Following the Allred score system [84], immunohistochemistry results of Arom (cytoplasmic immunolabeling) and hormone receptors (nuclear immunolabeling) were expressed as a total score (TS), calculated as the sum of the percentage of positive cells (PS) and the intensity of immunolabeling (IS). A sample was considered positive for Arom and hormone receptors when TS > 3.

2.2.2. Assessment of Steroid Concentrations in Tumor Homogenate Samples

The analyses were performed according to previously published protocols [24,28]. After thawing, 0.5 g of the normal and neoplastic tissues were homogenized in 4 mL PBS (pH 7.2) and centrifuged (1372× g, at 4 °C for 20 min). The supernatants were collected and aliquoted individually (−30 °C) until the hormones were assayed.

17β-Estradiol (E2), estrone sulfate (SO4E1), progesterone (P4), androstenedione (A4), dehydroepiandrosterone (DHEA), and testosterone (T) levels of normal and neoplastic breast and mammary tissue homogenates were assayed by competitive EIA previously validated in our laboratory. Homogenate samples were prepared by diluting 10 µL of each homogenate in an assay buffer (1:2500 for DHEA, A4, T, and SO4E1 or 1:500 for E2), and then extracted with 2 mL diethyl ether (Sigma, St. Louis, MO, USA). One hundred microliters of the supernatant was evaporated under a nitrogen stream (Turbovap, ZIMARK, Hopkinton, MA, USA).

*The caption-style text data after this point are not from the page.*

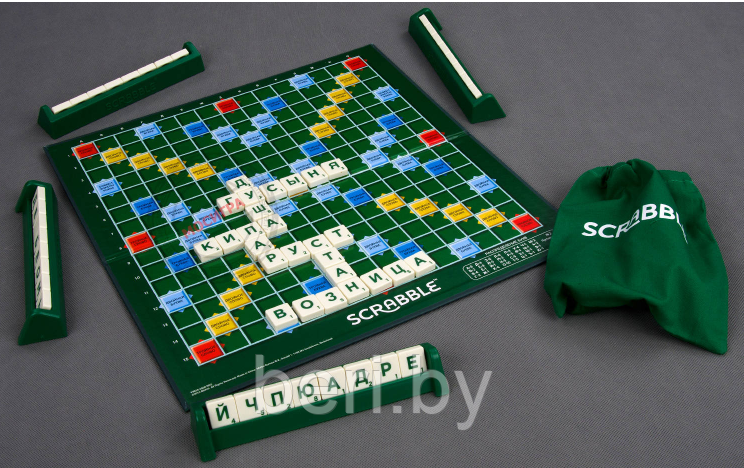 260941 Настольная игра Scrabble, Скраббл, от 10 лет, 2-4 игрока - фото 2 - id-p121331418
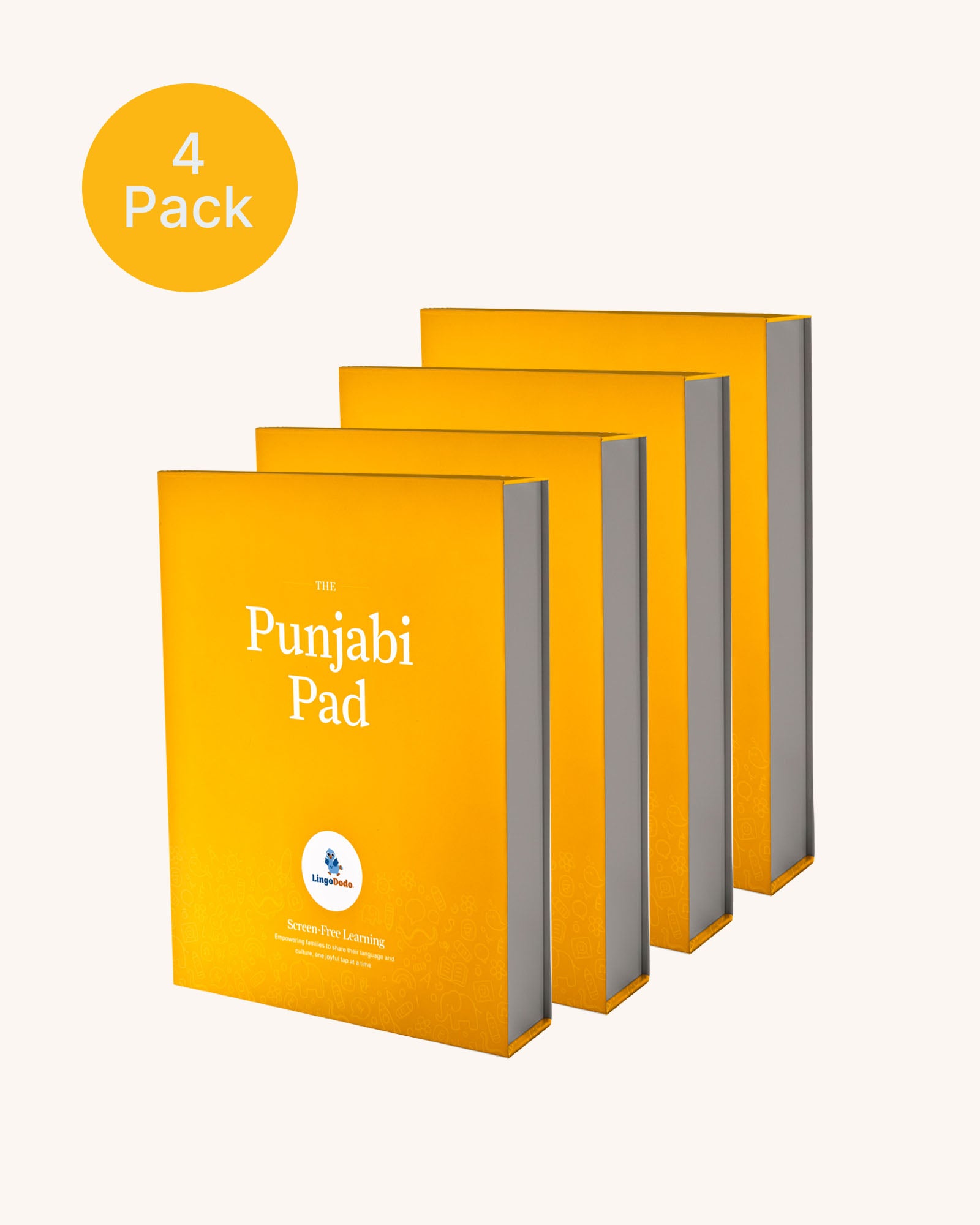 4 Punjabi Pads™ Next-Gen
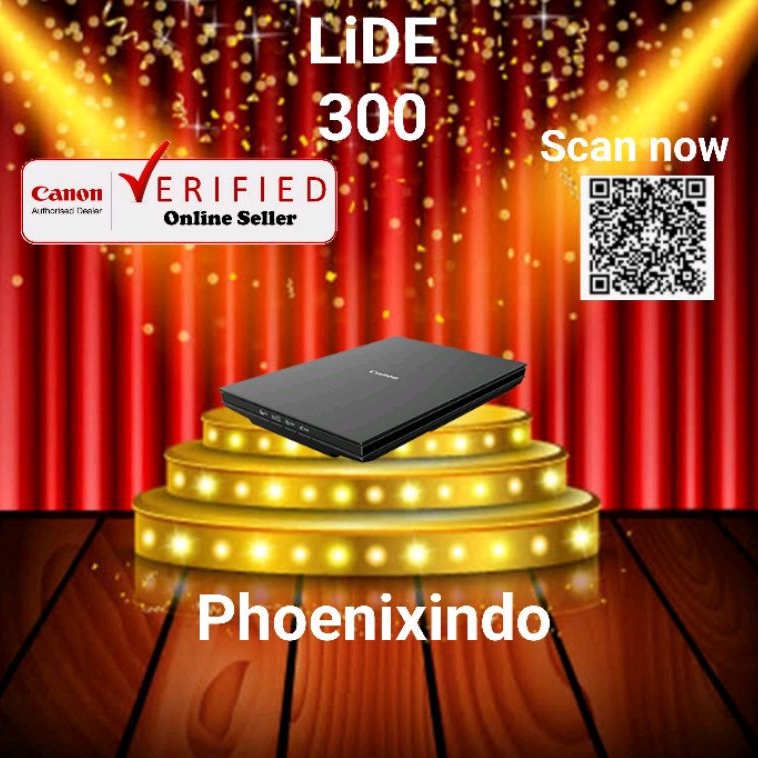 Scanner Canon CanoScan Lide 300 Lide300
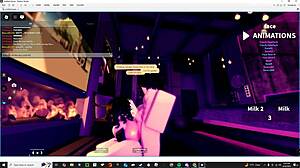 demon slut experiences rough sex with monster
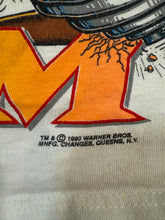 Load image into Gallery viewer, Vintage 1993 Taz’s Gym Kids Tee (Youth S)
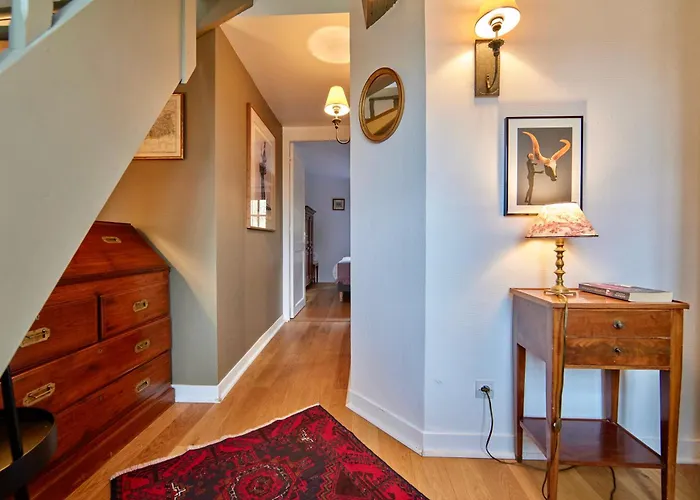 La Maison Blanche Du 10honfleur Holiday home *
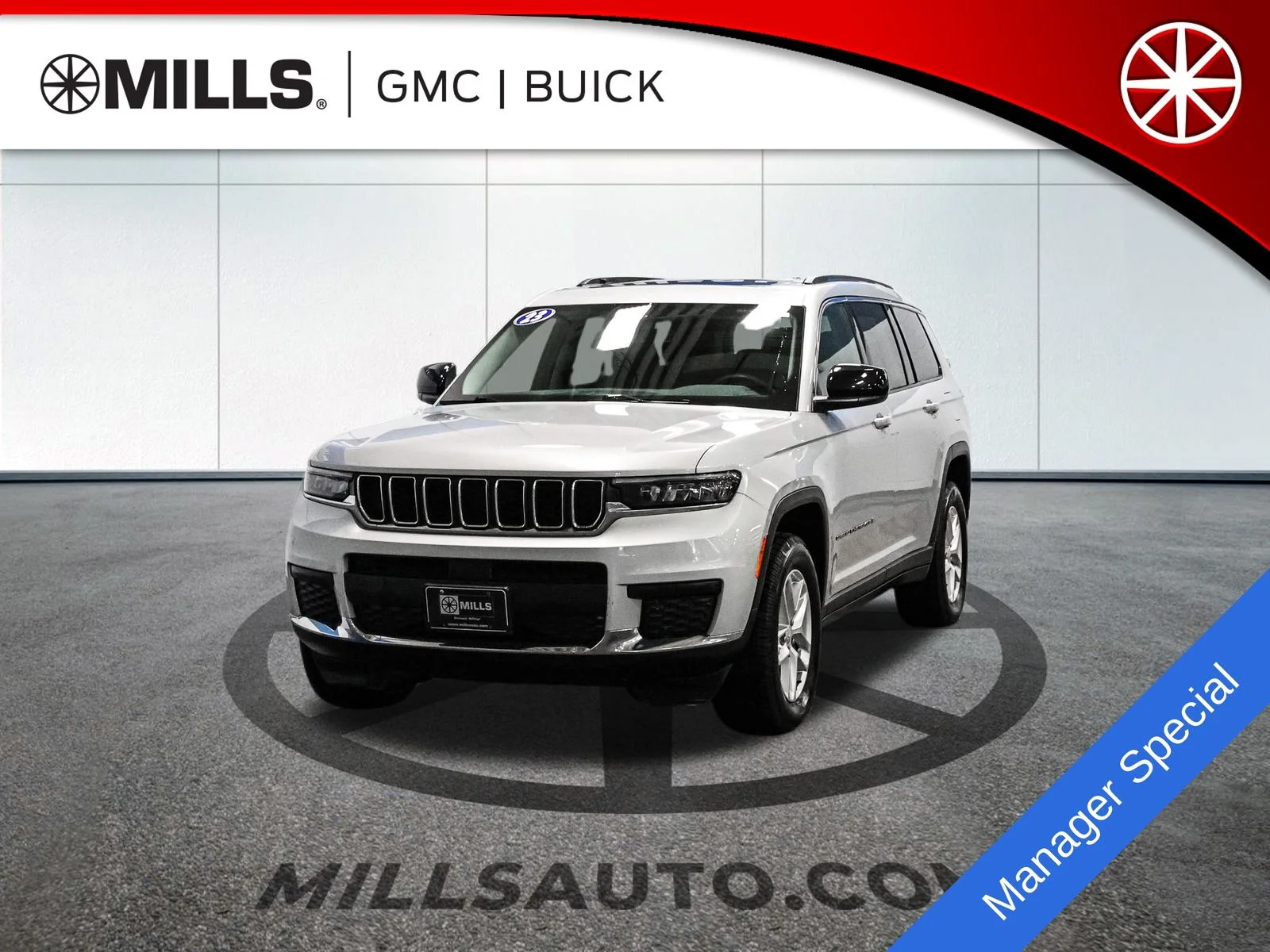 2023 Jeep Grand Cherokee L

17β-Estradiol concentrations in tissue homogenates are expressed in pg/g. Levels of SO4E1, P4, A4, DHEA and T in tissue homogenates are expressed in ng/g.

2.3. Statistical Study

Analyses were performed using SPSS 19 and a conventional p < 0.05 level was used to define statistical significance.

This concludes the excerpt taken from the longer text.